* _Data to use_:
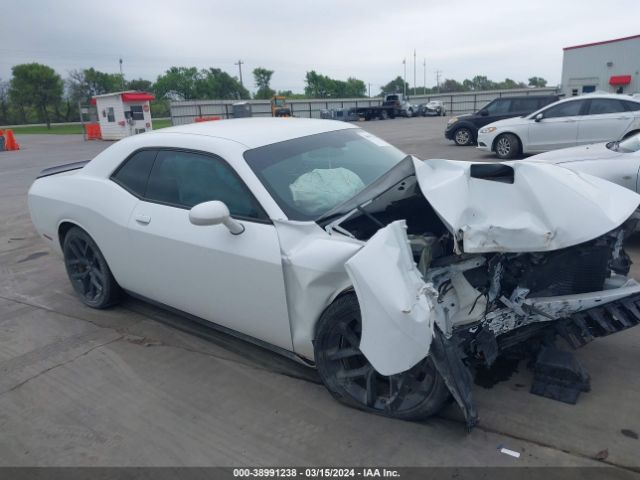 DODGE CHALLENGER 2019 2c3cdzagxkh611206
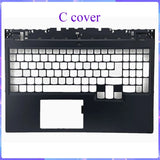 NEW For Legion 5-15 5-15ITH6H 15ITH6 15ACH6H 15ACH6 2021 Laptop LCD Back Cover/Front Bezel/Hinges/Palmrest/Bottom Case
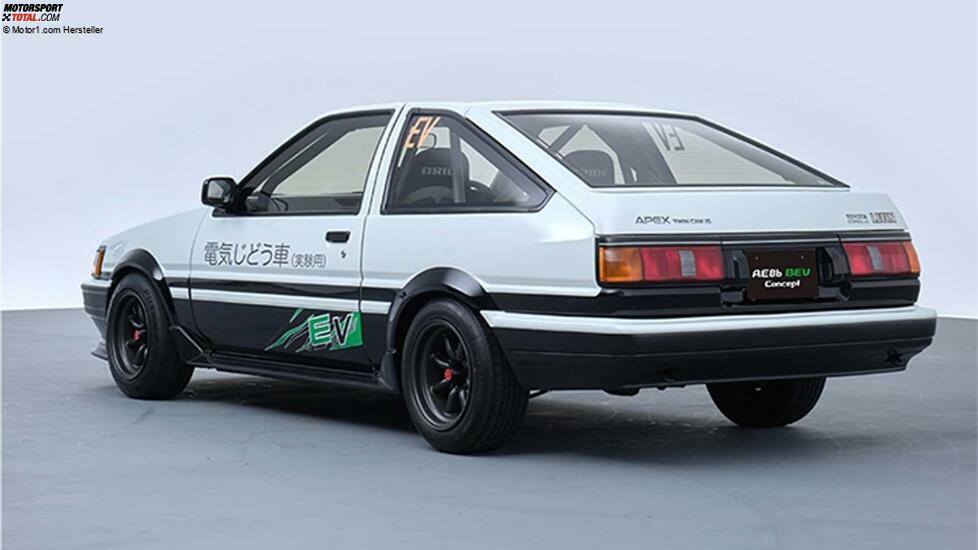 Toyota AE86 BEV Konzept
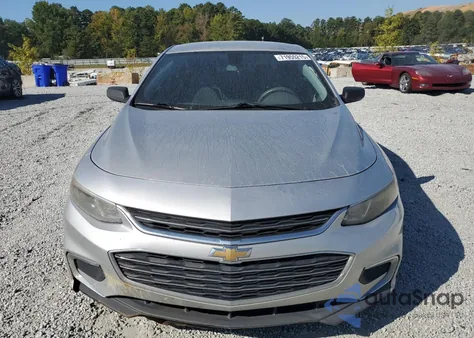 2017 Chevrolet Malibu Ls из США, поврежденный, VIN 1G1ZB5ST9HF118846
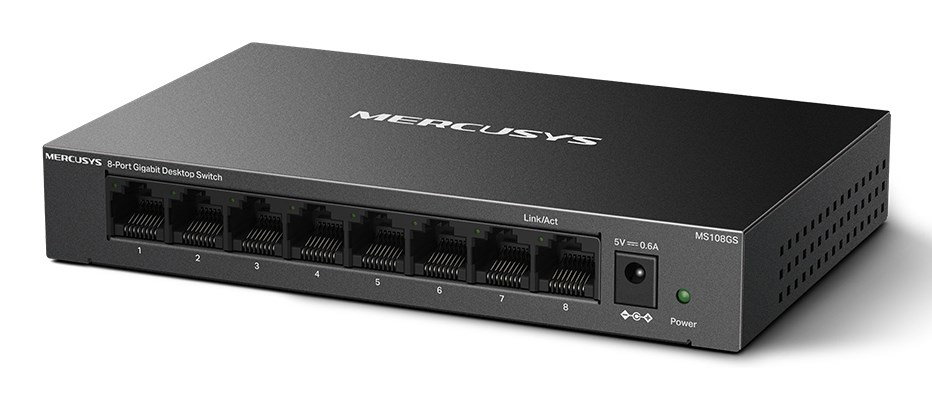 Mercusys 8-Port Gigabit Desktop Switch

* _Assignment_:
Return the material exactly as written, except for any pictures it holds.

* _Solution to the exercise_:
 DODGE CHALLENGER 2019 2c3cdzagxkh611206
 NEW For Legion 5-15 5-15ITH6H 15ITH6 15ACH6H 15ACH6 2021 Laptop LCD Back Cover/Front Bezel/Hinges/Palmrest/Bottom Case
 Toyota AE86 BEV Konzept
 2017 Chevrolet Malibu Ls из США, поврежденный, VIN 1G1ZB5ST9HF118846
 Mercusys 8-Port Gigabit Desktop Switch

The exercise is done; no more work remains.